Charles Taylor ordered the execution of commanders in his Liberian rebel group because they sold arms to Sierra Leonean rebel forces, and he ensured that rebel fighters who committed crimes against civilians were punished, a defense witness for the former president told Special Court for Sierra Leone judges in The Hague today.
Mr. Timan Edward Zammy, a former commander in Mr. Taylor’s National Patriotic Front of Liberia (NPFL) rebel group today sought to explain how Mr. Taylor frowned at any perceived NPFL association with Revolutionary United Front (RUF) rebels in Sierra Leone. According to the witness, Mr. Taylor ordered the execution of two NPFL commanders because they had sold arms and ammunition to the RUF. Mr. Taylor himself in his testimony as a witness in his own defense told the court that he had disciplined certain NPFL commanders because he found out they wanted to provide assistance to the RUF, an action which he was opposed to. Today, Mr. Zammy corroborated the former president’s testimony on this incident. Mr. Zammy pointed out that one of the NPFL commanders who had sold arms and ammunition to the RUF and therefore executed was Anthony Munkunagbe. Prosecutors have alleged that Mr. Taylor ordered the execution of Mr. Menkunagbe and a few other NPFL commanders because he thought they were opposed to his leadership of the NPFL. Mr. Taylor on his part has said that the men were executed because they committed acts of treason against the NPFL by forming a group called Black Ghadaffa and planning to associate themselves with the RUF.
To justify Mr. Menkunagbe’s execution, Mr. Zammy told the court that Mr. Menkunagbe himself had admitted to him that he had sold arms and ammunition to the RUF.
“He [Menkunagbe] sent me a hundred and fifty bags of rice and some pigs feet, about five barrels, three motorbikes, and some food stuffs. And he told me that those are your own proceeds from the deal. He said but don’t worry, I sold the arms, not you. We are fighting a rebel war,” the witness explained.
The witness also dispelled claims that the NPFL targetted people belonging to the Madingo and Krahn tribes during the conflict in Liberia. Defense lawyer for Mr.
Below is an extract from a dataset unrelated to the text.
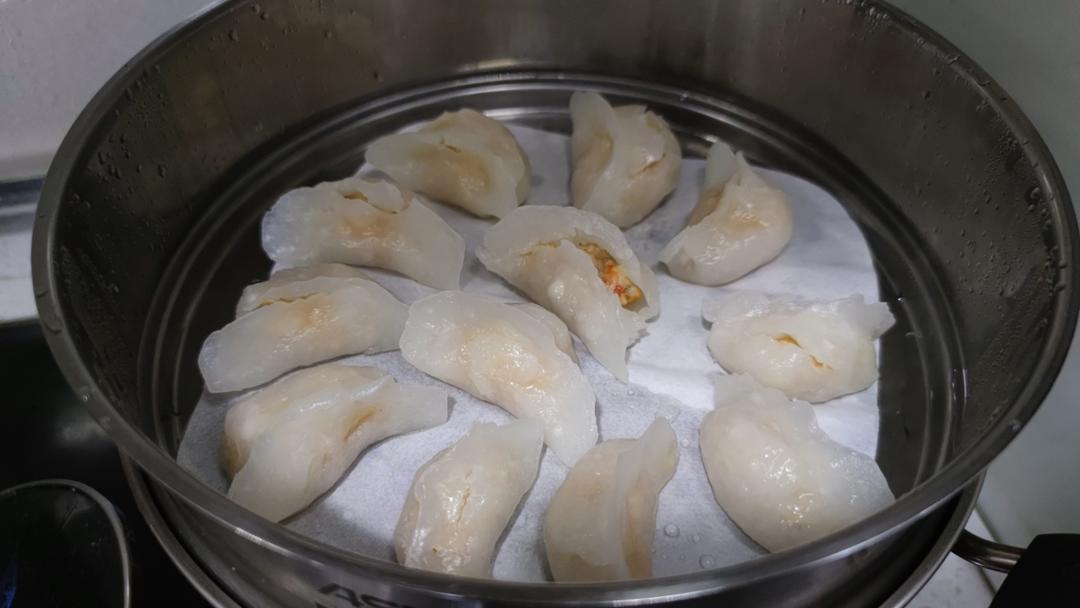 一次就成功的《水晶虾饺》国际名厨手把手教你包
Taylor, Silas Chikera, sought to know whether this was the case.
“The prosecution alleges that when you were fighting in Liberia in 1990, you were targeting Madingos and Krahns, especially civilians. Did you target Madingo and Krahn civilians?” Mr. Chikera asked the witness.
In his response, the witness said “no.”
Mr. Chikera also pointed out portions of a previous transcript where prosecutors had asked Mr. Taylor during his cross-examination about the NPFL rebels targeting Madingos and Krahns at check points in Liberia.
Again, the witness said, “No. No one attacked Madingo or Krahn people from the rear at check points.”
The witness explained that when NPFL recruits were trained, they were given strict warnings on how to treat civilians. He said that the NPFL recruits were told that “no rape, no civilian target, no one should kill civilian targets, except those who shoot at you.”
He added that the recruits were, however, told that if a person in civilian clothes shot at them, they were at liberty to treat such person as an enemy combatant.
“If a person fires at you even if in civilian clothing, you should consider that person as enemy.” the witness said.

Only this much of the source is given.